*How to complete this task:* Retype, word for word, every line from the one holding "Obraz premium Peach" through the one holding "Neutral white young-adult" in the entries below, both included, and only those lines.

------ Available data

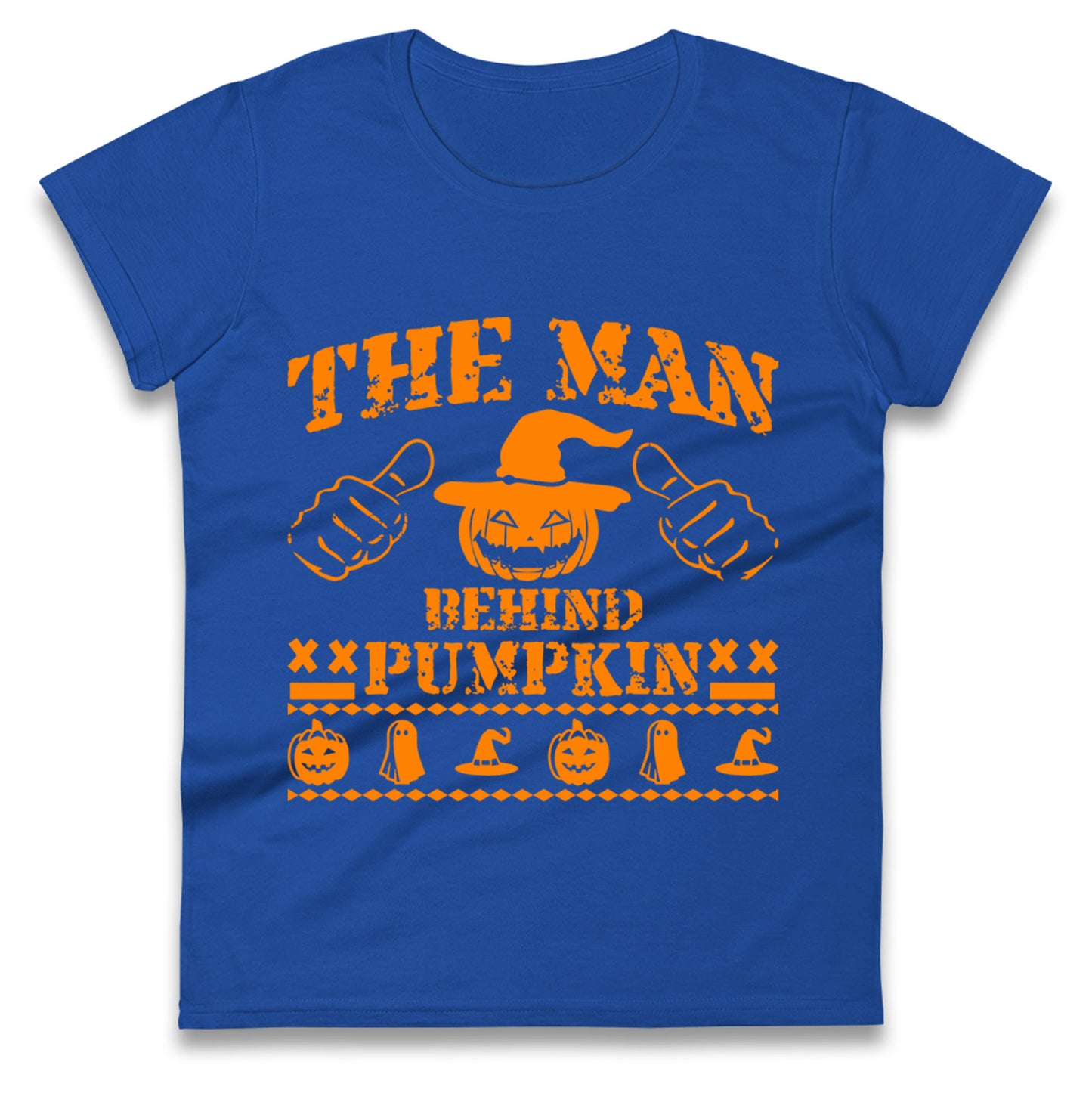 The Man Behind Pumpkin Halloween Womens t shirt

------------
------ Available data

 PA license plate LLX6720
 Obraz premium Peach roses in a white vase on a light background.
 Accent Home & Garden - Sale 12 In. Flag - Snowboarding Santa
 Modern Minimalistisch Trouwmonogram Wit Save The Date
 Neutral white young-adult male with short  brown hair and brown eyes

------------

*Task solution:*
 Obraz premium Peach roses in a white vase on a light background.
 Accent Home & Garden - Sale 12 In. Flag - Snowboarding Santa
 Modern Minimalistisch Trouwmonogram Wit Save The Date
 Neutral white young-adult male with short  brown hair and brown eyes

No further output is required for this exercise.